- [Prompt] Please transcribe the data exactly as shown, skipping the images.

(Source material)

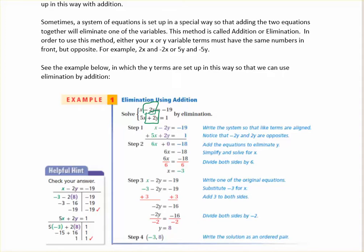Step 1 is to write them so that the variables are all lined up — that's what they did right here. In step 2, we just add those two equations together. You can add equations together just like you can add numbers together. We have 1x plus 5x equals 6x, and then negative 2y plus 2y equals 0. And negative 19 plus 1 equals negative 18. So that simplifies to 6x equals negative 18.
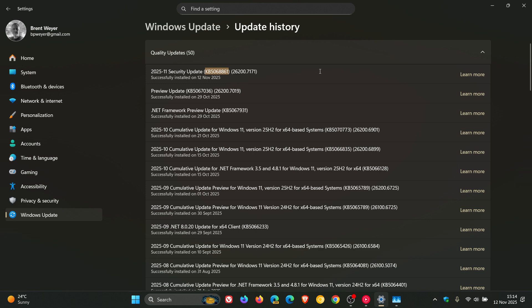KB5068861. So that update and later updates have resolved that issue, which is good to see. That little niggly issue has finally been fixed now.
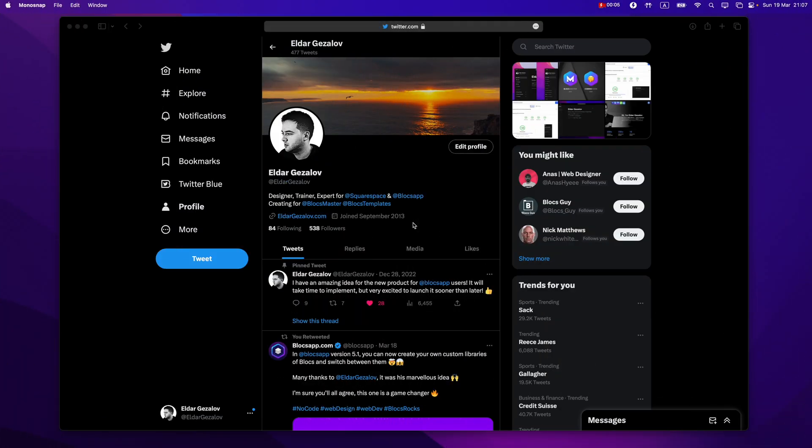Hello and welcome to Blocks Master. My name is Elder, and today I'm finally able to share with you the video preview of my new product for Blocks 5: the Minimalist Blocks Library. This is going to be a very casual video — I'm not fully prepared, I'll just show you how it looks and how it works in the Blocks app.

(End Source material)

- [Exercise response]
Step 1 is to write them so that the variables are all lined up — that's what they did right here. In step 2, we just add those two equations together. You can add equations together just like you can add numbers together. We have 1x plus 5x equals 6x, and then negative 2y plus 2y equals 0. And negative 19 plus 1 equals negative 18. So that simplifies to 6x equals negative 18.
KB5068861. So that update and later updates have resolved that issue, which is good to see. That little niggly issue has finally been fixed now.
Hello and welcome to Blocks Master. My name is Elder, and today I'm finally able to share with you the video preview of my new product for Blocks 5: the Minimalist Blocks Library. This is going to be a very casual video — I'm not fully prepared, I'll just show you how it looks and how it works in the Blocks app.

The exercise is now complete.